The U.S. Supreme Court on Monday reinstated the death penalty for a man who killed a 19-year-old Lodi woman for her $100 stereo.
It's the third time the country's highest court has heard the appeal of Fernando Belmontes, and the third time justices have overturned a decision in the case by the 9th Circuit Court of Appeals.
Belmontes has been behind bars since shortly after the March 15, 1981, bludgeoning of Steacy McConnell, a Lodi High School graduate who had recently moved into her own home in Victor.
Her parents were out of town celebrating their 50th wedding anniversary when they received the news Monday.
"Needless to say, we're thrilled. It's been a long time coming, 28 years now," Mary Ellen McConnell said. "We had been waiting for this to happen and justice is finally being served."
McConnell, a fifth-generation Lodi resident who was named for a relative, was in her first year of college in the spring of 1981. Her parents found her lifeless on the floor of her Sunrise Street home, where she had recently moved. She had been beaten during a burglary.

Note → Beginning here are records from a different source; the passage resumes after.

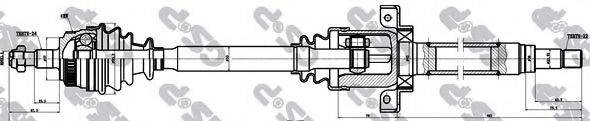 GSP 235038 Приводной вал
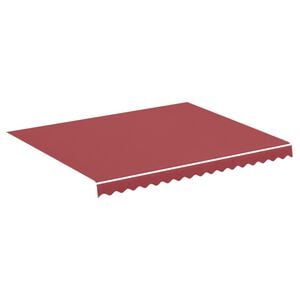 vidaXL N&aacute;hradn&aacute; l&aacute;tka na mark&iacute;zu, burgundsk&aacute; červen&aacute;, 280x245 cm, polyester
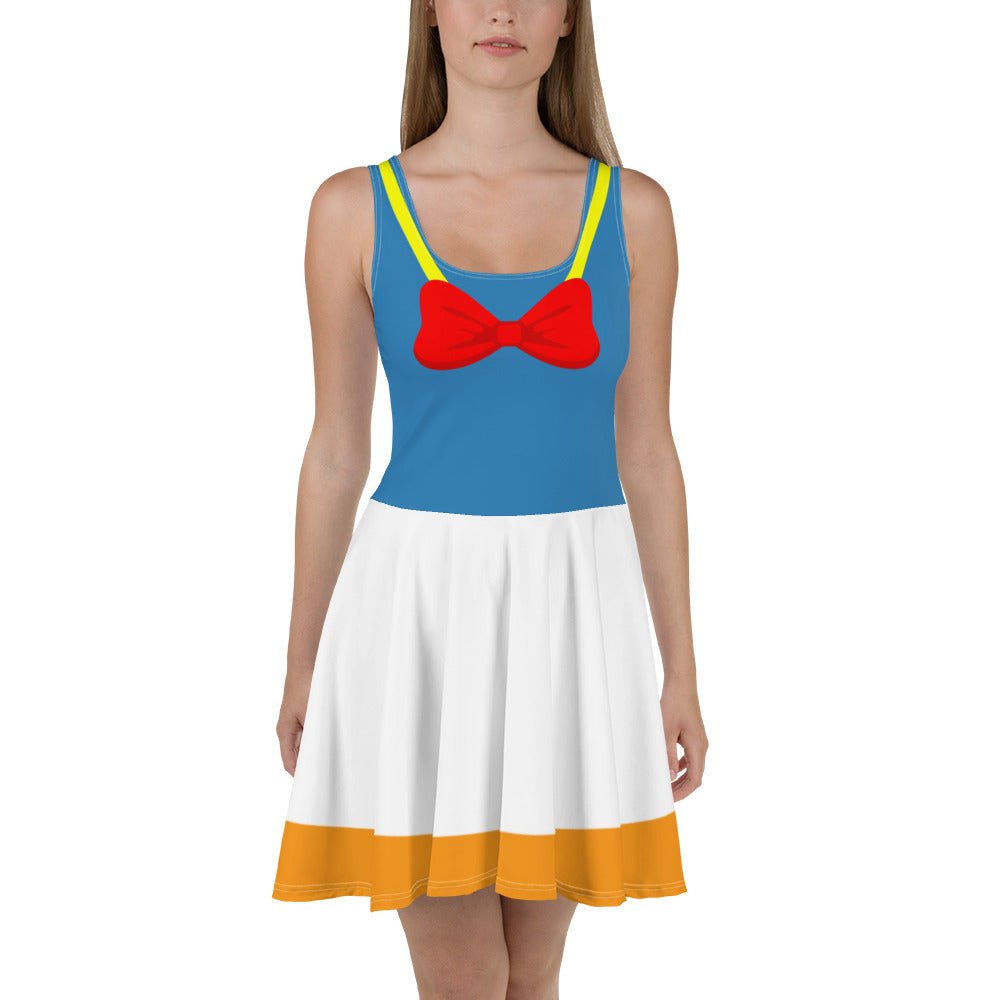 Grumpy Duck Skater Dress active disney familycouple shirtsdisney adult#tag4##tag5##tag6#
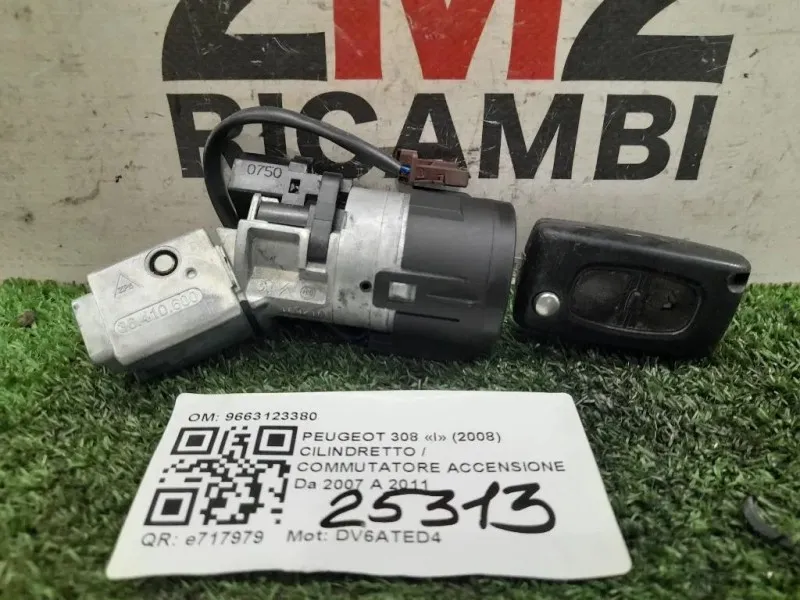 Cilindretto Commutatore Accensione 9663123380 Peugeot 308 I 2008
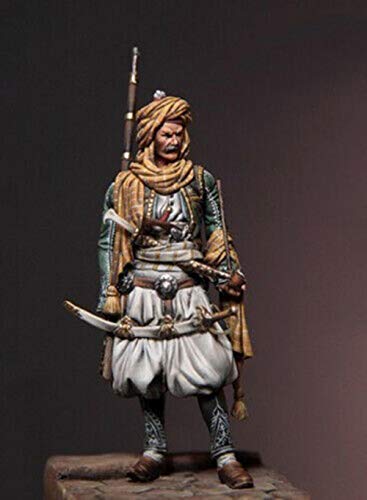 Figura modelo de resina 1:32 Hombre antiguo con sombrero miniatura 1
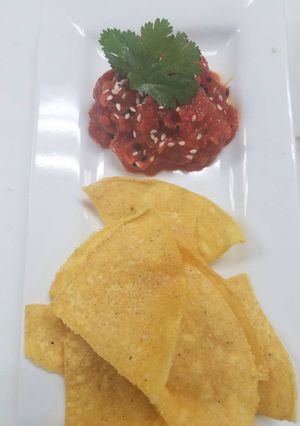 A picture of Spicy Tuna Tartar.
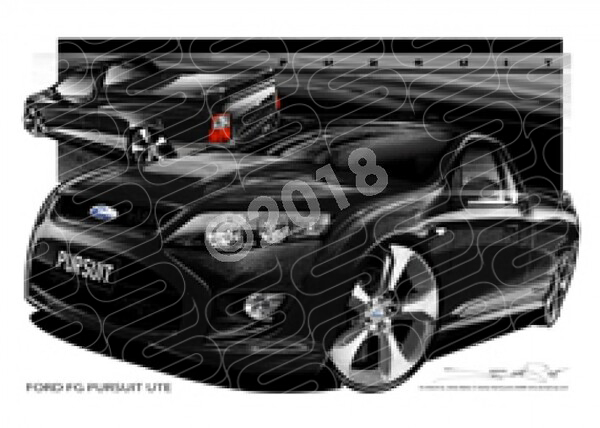 FPV UTES FG FG PURSUIT SILOUETTE A2 FRAMED PRINT (FV059)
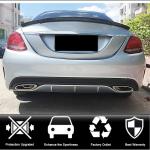 Mercedes Benz C-Class W205 2015-2019 Rear Trunk Spoiler Carbon Fiber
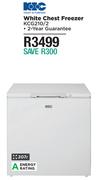 KIC 207L White Chest Freezer KCG210/2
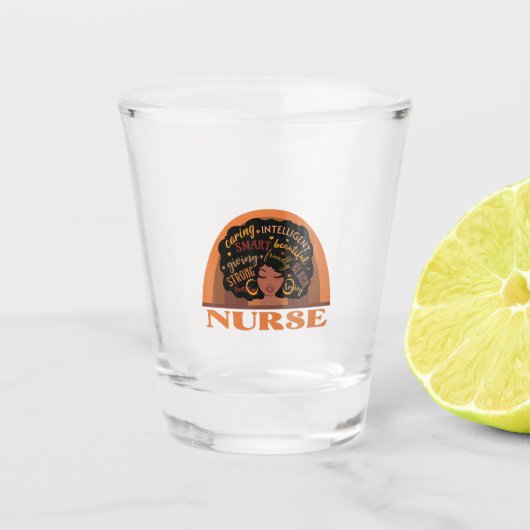 Black Nurse Nursing Design Schnapsglas (Vorderseite)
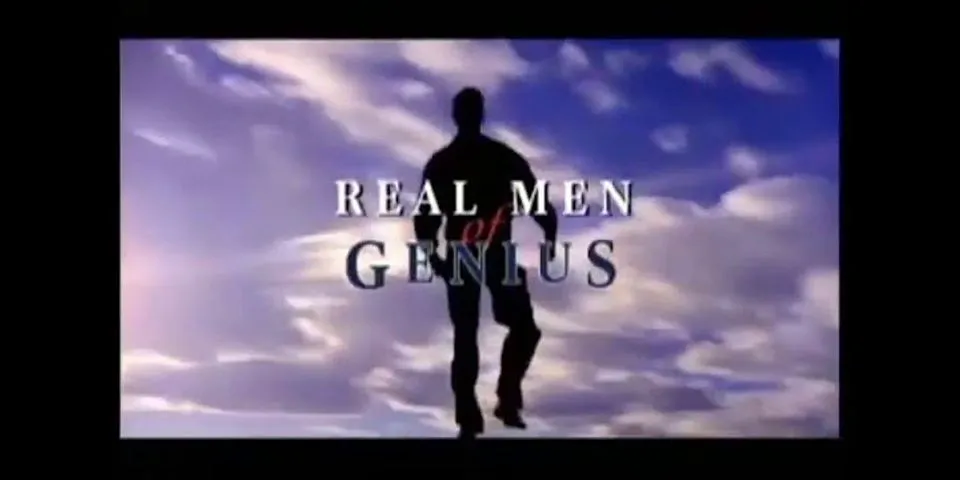 real men of genius là gì - Nghĩa của từ real men of genius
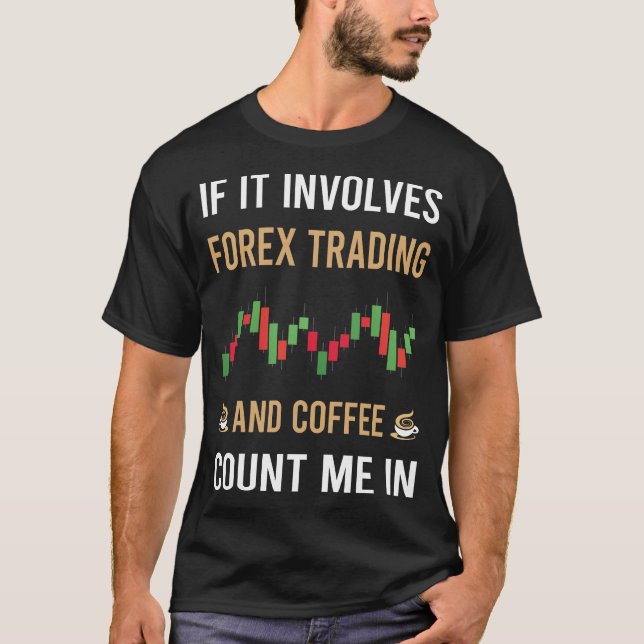 T-shirt Négociateur De Café Et Forex (Devant)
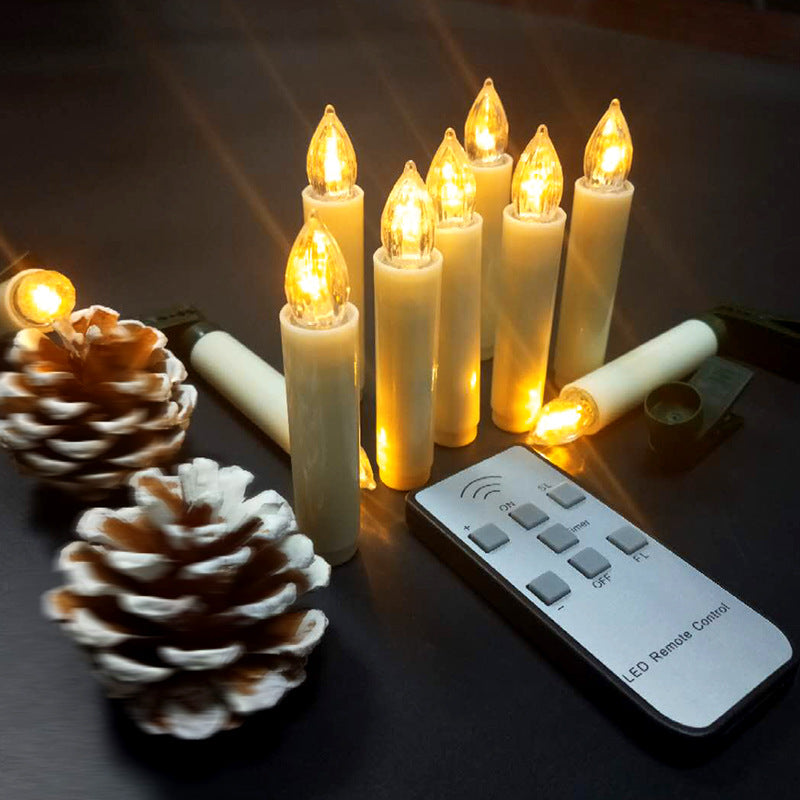 LED tapper candles with clips & remote control set - Image 3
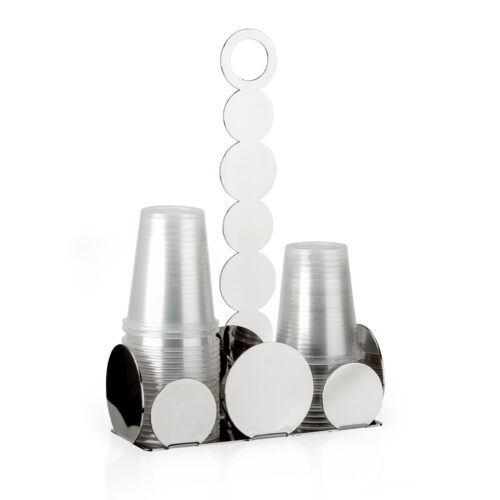 Elleffe Design - Portabicchieri in acciaio inox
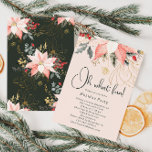 Moderne Winter-Blumenweihnachtszeit Oh, was Spaß P Einladung<br><div class="desc">Dieses moderne, blumengeschmückte Weihnachtsgeschenk macht die lustige Party Einladung zu einem strahlenden und eleganten Design, das mit lebendigen Aquarellbildern von roten und rosa Poinsettien und zartem Wintergarten besticht. Die farbenfrohe Farbpalette der Karte mit ihren rostigen Rose- und Goldakzenten verleiht einer modernen Urlaubssästhetik mit schicken botanischen Elementen wie Pinien, Heiligenbeeren und...</div>
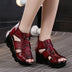 Ethnic Style Genuine Leather Women Sandals - Women Shoes On 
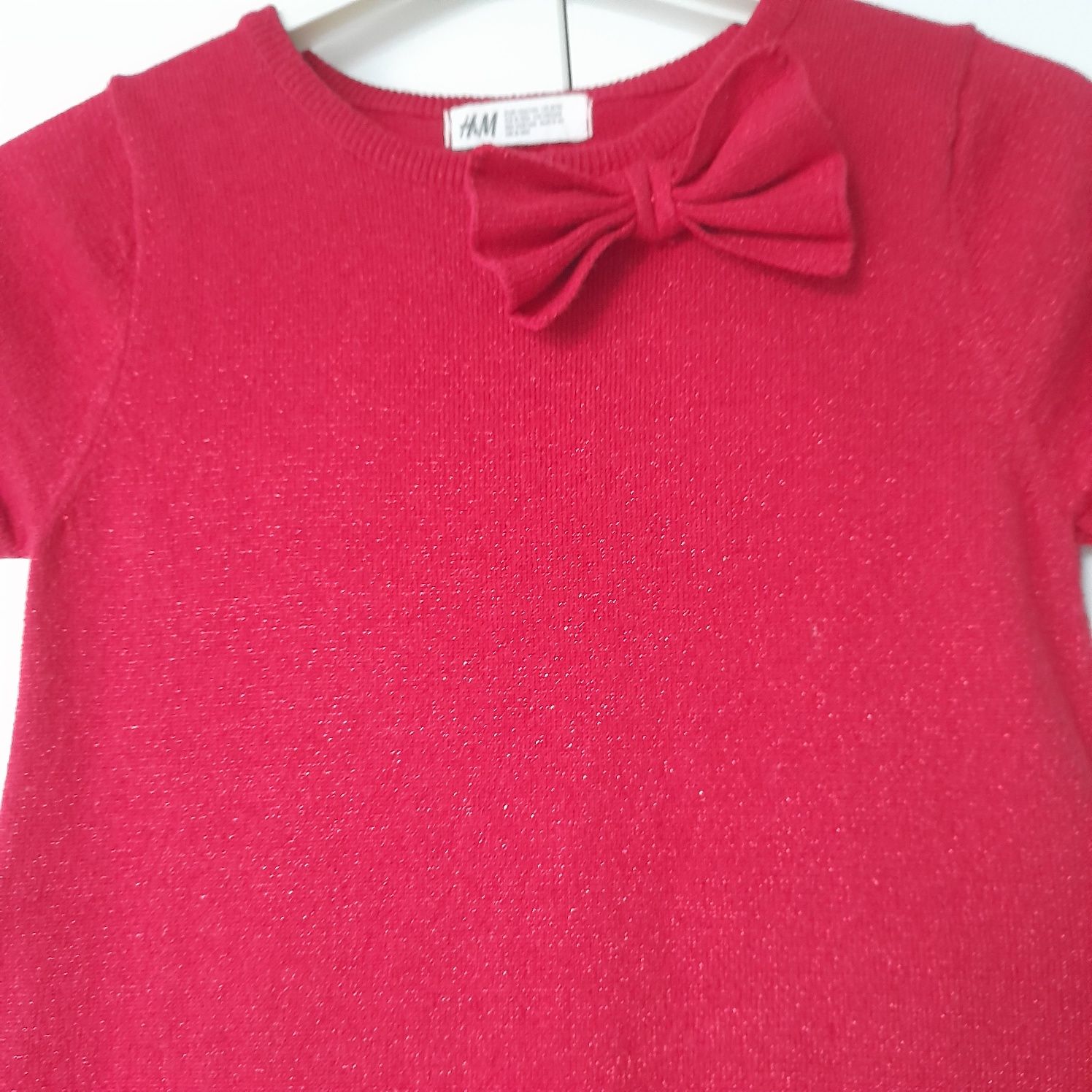 Czerwona sukienka dla dziewczynki 134 140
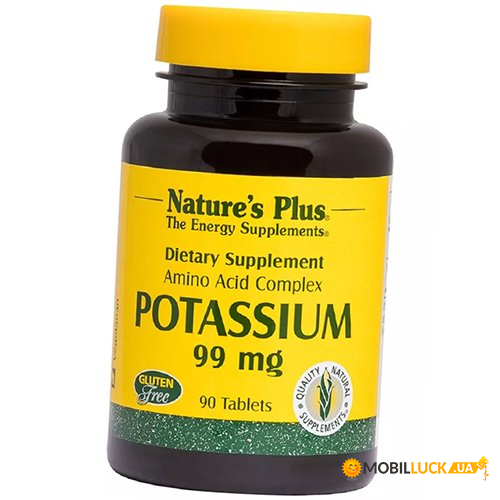     Natures Plus Potassium 99 90 (36375175)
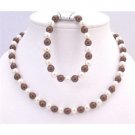 NS705 Necklace Bracelet Flower Girl Jewelry Wedding Bridemaids Under $10 Wedding Jewelry Set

Monday's decision is apparently the end of Belmontes' appeals, which have been ongoing since he was sentenced to death in October 1982.
"We're pleased the Supreme Court has overturned the 9th Circuit for the third time in this case. This decision appears to resolve all outstanding issues in the state's favor," said Abraham Arredondo, spokesman for California Attorney General Jerry Brown.
Though the next step would be execution, it's unknown when that might happen. All executions in California are on hold, because of another case involving a Tokay High School victim.
Shortly before Michael Morales was to be executed in January 2005 for the 1983 rape and murder of Terri Winchell, a judge halted the process and ruled it unconstitutional. A revamp of the lethal injection process is still underway, as are legal challenges to that process.
In Monday's unsigned opinion, the Supreme Court disagreed with Ninth Circuit justices who had said Belmontes' attorney didn't give the jury enough positive information about the defendant while they were in the death penalty phase. Attorneys typically try to convince jurors that a defendant could be productive in prison and atone for their wrongs.
Instead, the Supreme Court noted that defense attorney John Schick worked carefully to keep the jurors from learning that Belmontes had been suspected in an execution-style killing two years before McConnell's murder.
In that case, prosecutors didn't have enough evidence, and Belmontes was convicted of accessory after the fact to voluntary manslaughter. However, while serving time in the California Youth Authority, he told a counselor he had shot the victim.
Schick successfully got that evidence excluded from trial.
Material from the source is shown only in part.